Le informazioni per le persone che ricadono nelle categorie 1 e 2 vanno fornite all’atto del rilevamento delle impronte digitali e in caso di minore le informazioni vanno comunicate in modo consono alla sua età.
Deve inoltre essere redatto un opuscolo comune contenente almeno le informazioni relative ai diritti dell’interessato nonché quelle relative al diritto all’informazione del richiedente protezione internazionale, ai sensi dell’art. 4 par. 1 regolamento 604/2013. L’opuscolo deve essere redatto in modo semplice e chiaro in una lingua che la persona comprende o che ragionevolmente si suppone a lei comprensibile. Deve inoltre essere realizzato in modo da consentire agli Stati membri di completare le informazioni con quelle specifiche proprie del singolo Stato (ad esempio le indicazioni relative al Garante nazionale per la protezione dei dati personali).
Infine l’art. 29, par. 11 del Regolamento UE n. 603/2013 stabilisce che debba essere conservata copia della richiesta effettuata dal titolare dei dati e delle modalità della sua presentazione sotto forma di documento scritto, che possa essere messo a disposizione delle autorità nazionali di controllo.

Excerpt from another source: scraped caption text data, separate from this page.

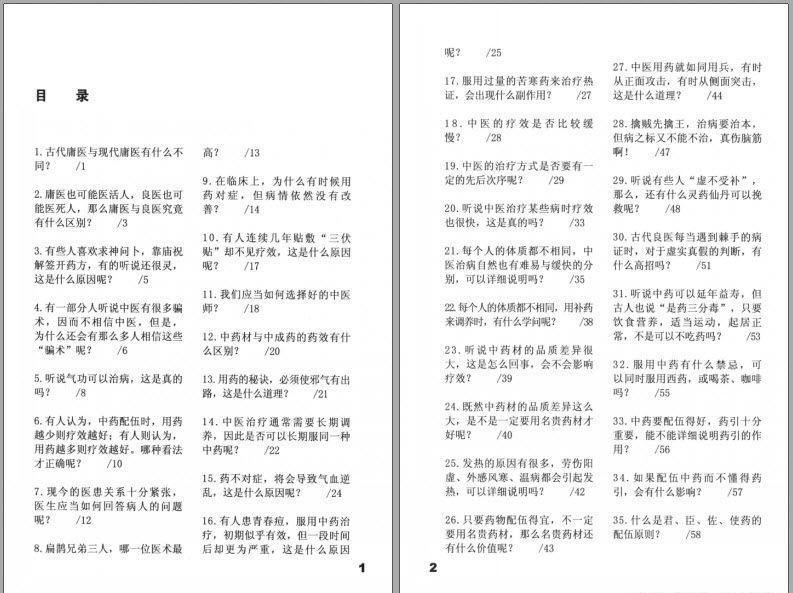 中医入门70问2.jpg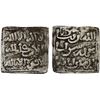 Image 1 : ALMOHAD: Anonymous, 1163-1269+, AR square dirham (1.49g), Balansiya (Valencia), About VF
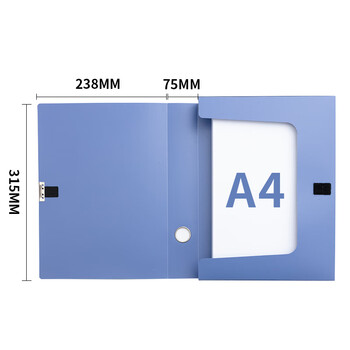 晨光(M&G)文具A4/75mm蓝色粘扣档案盒 PP文件盒 经济款党建资料盒/财务凭证收纳盒 6个装ADM929CPB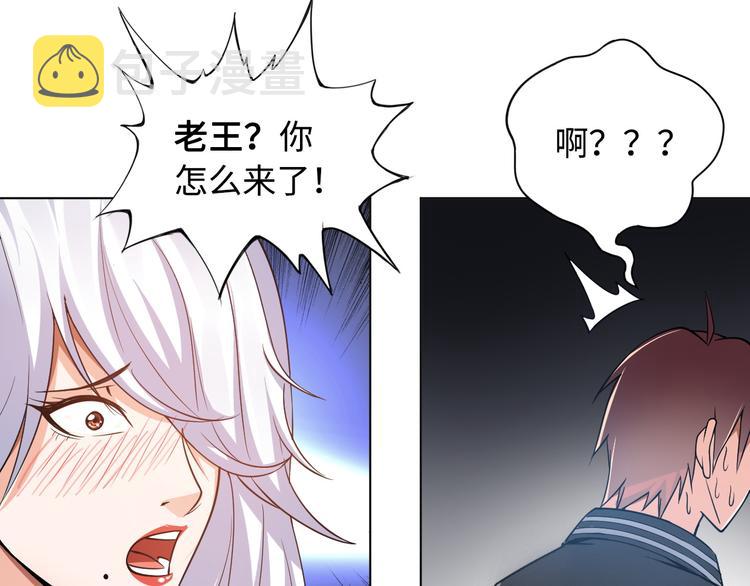 第6话 夜闯总裁家90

Le modifiche inserite nel 2013 vanno certamente nella direzione di meglio garantire i diritti della persona sottoposta a rilievi dattiloscopi e inserita in Eurodac. Lo stesso Garante nella sua opinione del 2012 relativa alla emendata proposta di regolamento sottolinea come le modifiche effettuate vadano nella medesima direzione della generale riforma della disciplina in materia di dati personale e l’introduzione dell’opuscolo risponda pienamente ai rilievi critici effettuati nel 2009 dallo Eurodac SCG.

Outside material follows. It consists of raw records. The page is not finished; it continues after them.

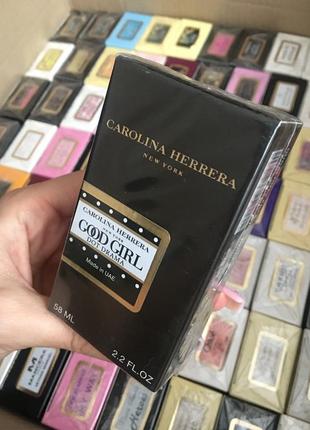 Good girl  шлейфові парфуми духи  carolina herrera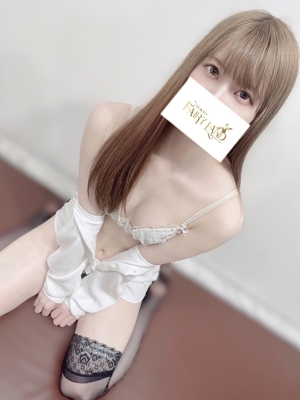 東京アロマエステ案内所 | 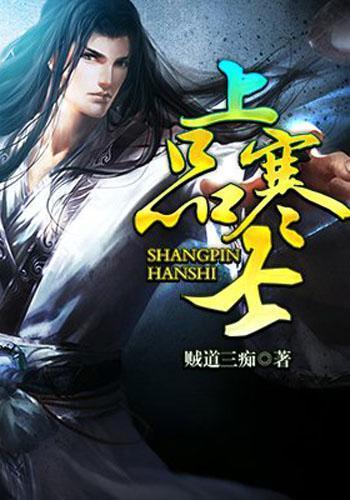 石器战争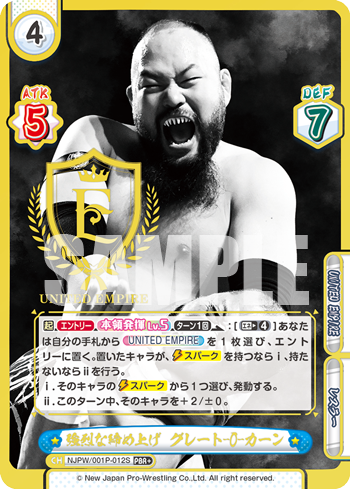強烈な締め上げ グレート-O-カーン（NJPW/001P-012S）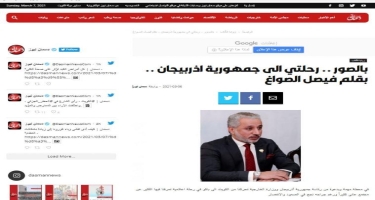 Küveyt portalında Prezident İlham Əliyevin mətbuat konfransı barədə məqalə dərc olunub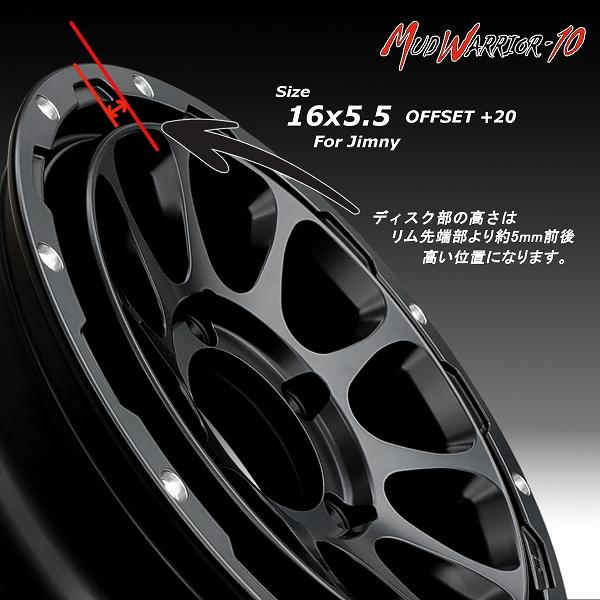 軽ジムニー サイズ ホイール 2本 マッドウォーリアー10 MW-10 16x5.5J OFF+20 PCD139.7 新品ホイール 4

Si tratta quindi di una norma che certamente contiene tutte le necessarie previsioni per garantire i soggetti titolari dei dati inseriti nel sistema informativo.
A fronte di tale centralità del diritto all’informazione i dati forniti dal report annuale sul funzionamento di Eurodac redatto da EU-Lisa restituiscono un quadro molto lontano da quello a cui le norme farebbero pensare.
Come si può vedere dalla tabella il numero di richieste di accesso da parte del titolare dei dati è più che insignificante in rapporto al numero di impronte presenti nel sistema. Inoltre la maggioranza delle richieste proviene sempre da uno Stato membro, la Francia , le cui richieste sono dovute alla presenza di una organizzazione non governativa nella regione di Calais che assisteva le persone nella formulazione delle richieste di accesso.